══ Material supplied

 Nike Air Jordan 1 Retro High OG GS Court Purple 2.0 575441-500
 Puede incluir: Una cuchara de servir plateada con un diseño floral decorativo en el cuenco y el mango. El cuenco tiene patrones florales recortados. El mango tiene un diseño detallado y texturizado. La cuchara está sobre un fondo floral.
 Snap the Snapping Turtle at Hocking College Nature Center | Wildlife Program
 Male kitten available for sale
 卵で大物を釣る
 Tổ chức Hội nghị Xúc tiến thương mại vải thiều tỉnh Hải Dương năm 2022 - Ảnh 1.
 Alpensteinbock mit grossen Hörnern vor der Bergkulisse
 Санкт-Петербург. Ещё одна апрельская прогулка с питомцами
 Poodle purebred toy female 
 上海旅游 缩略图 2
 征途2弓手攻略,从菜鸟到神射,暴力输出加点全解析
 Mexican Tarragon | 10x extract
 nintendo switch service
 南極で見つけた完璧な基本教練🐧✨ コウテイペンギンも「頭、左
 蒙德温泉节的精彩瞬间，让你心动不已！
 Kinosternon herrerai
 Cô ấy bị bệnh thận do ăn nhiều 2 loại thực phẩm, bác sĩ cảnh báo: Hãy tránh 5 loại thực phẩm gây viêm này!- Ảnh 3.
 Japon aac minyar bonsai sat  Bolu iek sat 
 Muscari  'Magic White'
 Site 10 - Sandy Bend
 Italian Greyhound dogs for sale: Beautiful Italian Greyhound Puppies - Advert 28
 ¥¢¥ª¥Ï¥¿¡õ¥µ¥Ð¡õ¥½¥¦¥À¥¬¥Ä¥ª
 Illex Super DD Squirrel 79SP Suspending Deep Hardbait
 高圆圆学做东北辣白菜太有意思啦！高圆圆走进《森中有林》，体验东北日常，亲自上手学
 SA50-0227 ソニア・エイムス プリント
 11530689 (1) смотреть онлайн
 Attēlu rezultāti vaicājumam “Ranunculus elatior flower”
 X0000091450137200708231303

════

Exercise
Return only this span, exactly: the line that contains "高圆圆学做东北辣白菜太有意思" and all lines after it to the end of the records.

Worked solution
 高圆圆学做东北辣白菜太有意思啦！高圆圆走进《森中有林》，体验东北日常，亲自上手学
 SA50-0227 ソニア・エイムス プリント
 11530689 (1) смотреть онлайн
 Attēlu rezultāti vaicājumam “Ranunculus elatior flower”
 X0000091450137200708231303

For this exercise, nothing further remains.